The research on cannabis to reduce epileptic seizures has been well-documented and several forms have worked well on many patients. A number of patients have also found relief with different forms of cannabis.
However, because the restrictions on medical cannabis research with federal funding has been extremely limited, more research is needed.
One Spokane resident who didn’t want to be identified purchases CBD oil and edibles to take to her father in Ellensburg for hip pain. He definitely finds relief.
“He is able to sleep better at night when he takes the cannabis, which in turn helps his pain,” she explained.
LaMoreaux said that one of the first things he recommends to clients seeking chronic pain relief is to find a way to sleep.
“Getting rest is one of the biggest benefits to feeling good, so getting a product to help you rest is important,” he said. “We usually advise people to start in the evening. When chronic pain and inflammation is the issue, CBD tinctures can be beneficial, and topicals can be useful,” LaMoreaux explained.
Charles Lemon also struggles with pericarditis and uses cannabis as a means to find rest.

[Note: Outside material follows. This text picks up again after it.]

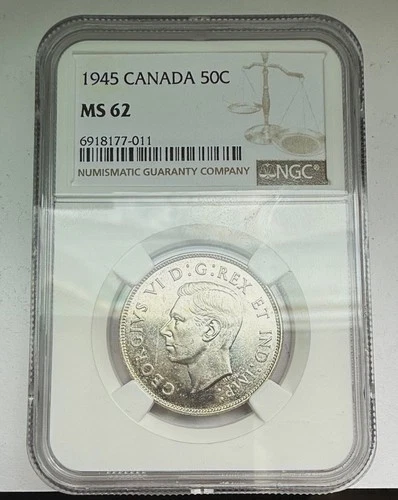 NGC MS62 Canada 50 Cents 1945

“The combination of vaporizing indica flower and indica oil lets me sleep through the night most nights,” said Lemon. “Cannabis doesn’t remove or reduce my chronic pain, but it does alter my perception of it, allowing me to ignore it. It is very much like my experience with opioids, but without the nasty side effects or addiction risk.”
Matt Campbell is another Eastern Washington resident who struggles with chronic pain. He uses cannabis both for pain relief and anxiety. He’s found that it both relieves his intense pain and reduces his anxiety brought on by pain.
Amanda Porter has used the full spectrum of cannabis, edibles, CBD oil and tinctures for her pericarditis and cancer treatment. She believes it helps her overall health and wellness.
“My husband, by the way, uses it for his arthritis pain and finds relief,” Porter added.